I’ve worked with many parents whose children shout at them or are in other ways disrespectful. For any primary carer, the first instinct is to try to make things better, to calm things down. But this can have the effect of making the child shout harder or flounce out; often with a bit of eye rolling too!

As a parent, you want your child to be happy and understandably you will do everything you can to help them, but this is an abusive pattern of behaviour that won’t work for them in the outside world. The cycle needs to be stopped and this is where you come in.

MOVING OUT OF THE CYCLE

Imagine if an adult spoke to you like this. Quite rightly it would be called bullying!

Bullies rely on the fact that their victims get cross or upset. It’s how they know that the bullying behaviour is working and, having someone effectively join in, allows the bullying behaviour to continue.

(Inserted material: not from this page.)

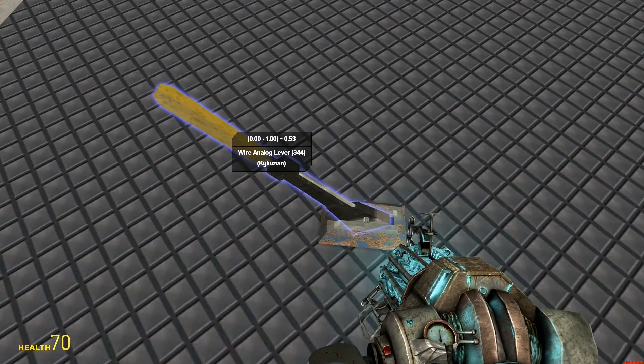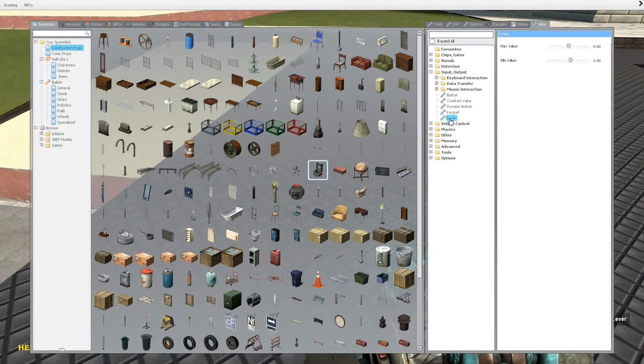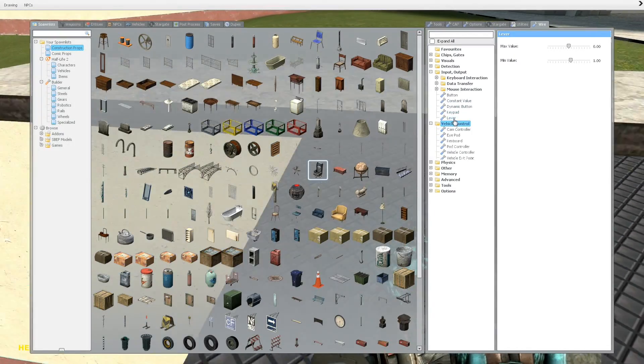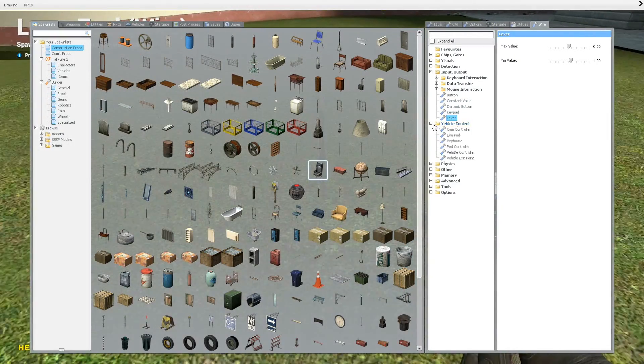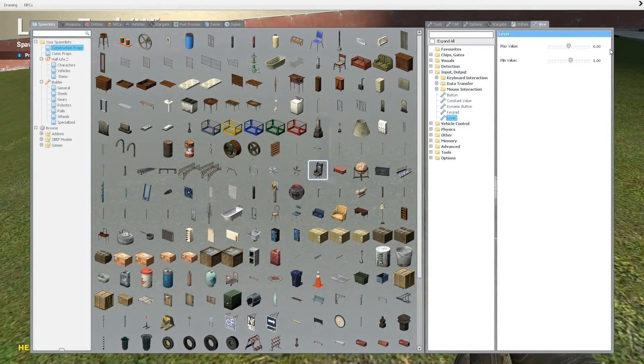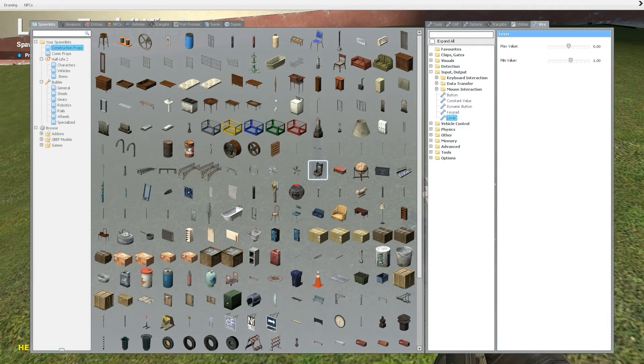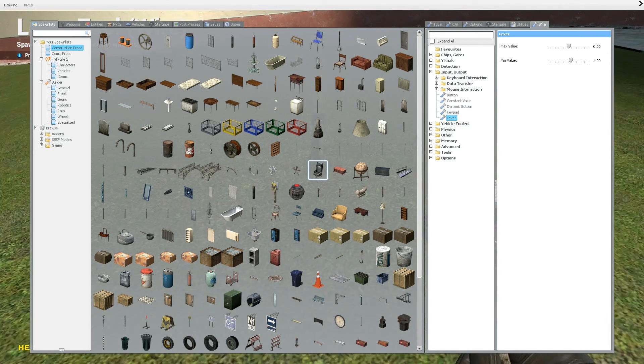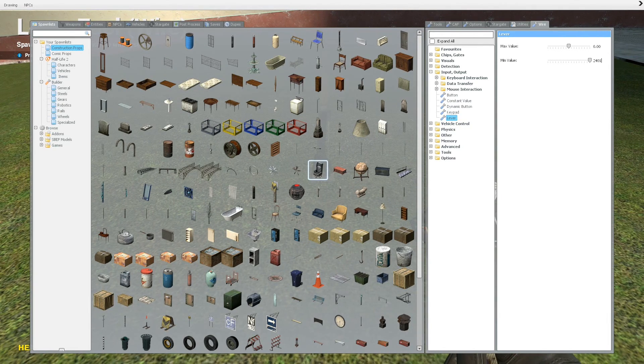So anyway, what you do to do this, or how to control it, is max value whatever, min value whatever. So make this some ridiculous number. Actually, I'm just going to drag it up.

With you and your child, this is a behaviour issue. It doesn’t mean they’re bad and it doesn’t mean they’re choosing to be a bully. They just need a better way to communicate, and you’re the one to help them.

BEFORE THE EVENT

  • In a quiet moment, decide for yourself on what behaviour is - and is not - acceptable to you.
  • Explain this to your child at a time when they are receptive.  [Depending on the age of your child, you could make an appointment to have a chat with them.]
  • Get their acknowledgement of the issue and go through the Emergency Breach Plan with them.

EMERGENCY BREACH PLAN

If you find yourself in a situation where you are being spoken to disrespectfully, it’s important you hold firm and don’t make excuses for them.

Remember that this is not an acceptable behaviour and will not serve them in the future. Also, you are a valuable person who is doing your best and you deserve to be respected at all times.

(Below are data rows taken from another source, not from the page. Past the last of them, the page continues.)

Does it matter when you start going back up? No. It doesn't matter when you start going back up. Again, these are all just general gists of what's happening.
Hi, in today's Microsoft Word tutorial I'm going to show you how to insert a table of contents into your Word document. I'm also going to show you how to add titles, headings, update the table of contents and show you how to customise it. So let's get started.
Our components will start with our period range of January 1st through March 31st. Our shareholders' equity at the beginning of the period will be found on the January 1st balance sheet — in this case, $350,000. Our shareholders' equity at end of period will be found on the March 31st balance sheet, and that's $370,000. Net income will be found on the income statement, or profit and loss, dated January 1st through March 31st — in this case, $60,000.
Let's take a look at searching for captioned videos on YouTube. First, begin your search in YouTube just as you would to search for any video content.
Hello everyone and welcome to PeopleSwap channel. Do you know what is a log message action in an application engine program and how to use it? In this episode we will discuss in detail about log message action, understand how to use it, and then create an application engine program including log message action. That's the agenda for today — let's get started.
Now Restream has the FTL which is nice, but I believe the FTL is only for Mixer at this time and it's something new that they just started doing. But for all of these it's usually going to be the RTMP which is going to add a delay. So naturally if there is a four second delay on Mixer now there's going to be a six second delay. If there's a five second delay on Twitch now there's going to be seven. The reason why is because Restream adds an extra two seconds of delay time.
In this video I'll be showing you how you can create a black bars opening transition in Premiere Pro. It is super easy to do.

  1. STOP doing what you are doing.
  2. STAY resourceful and keep yourself calm. Think ‘EXCELLENT’.
  3. TURN to face the person who is speaking disrespectfully.
  4. SPEAK quietly to explain that the way of communicating is unacceptable and you will engage with them only when they can speak respectfully/calmly/quietly – you choose.
  5. GO BACK to what you were doing before.

If they should carry on shouting or being disrespectful, repeat the process. But in practice they tend not to because you are not engaging in the conversation.

This works for two reasons: It’s all about you not engaging with them while they are shouting. And it’s about you staying calm and being fully in charge of the situation.

Not Engaging: When people are shouting they’re on what I call ‘INFORMATION OUT’. In other words, they’re ‘NOT ON RECEIVE’. It’s like they’ve become temporarily hard of hearing. They can’t take in anything you say. They just want to overpower you. By not engaging until they can speak differently, you take back control of the interaction.

Staying Calm: When something starts going wrong it’s easy for us to run a train of thought that makes things worse. Best thing is to think ‘Excellent’ because that jams your internal dialogue. It’s like slipping into neutral.

This is a great technique that works with all age groups and in all situations. It will help you stay firm and enable you to reposition your place in the relationship.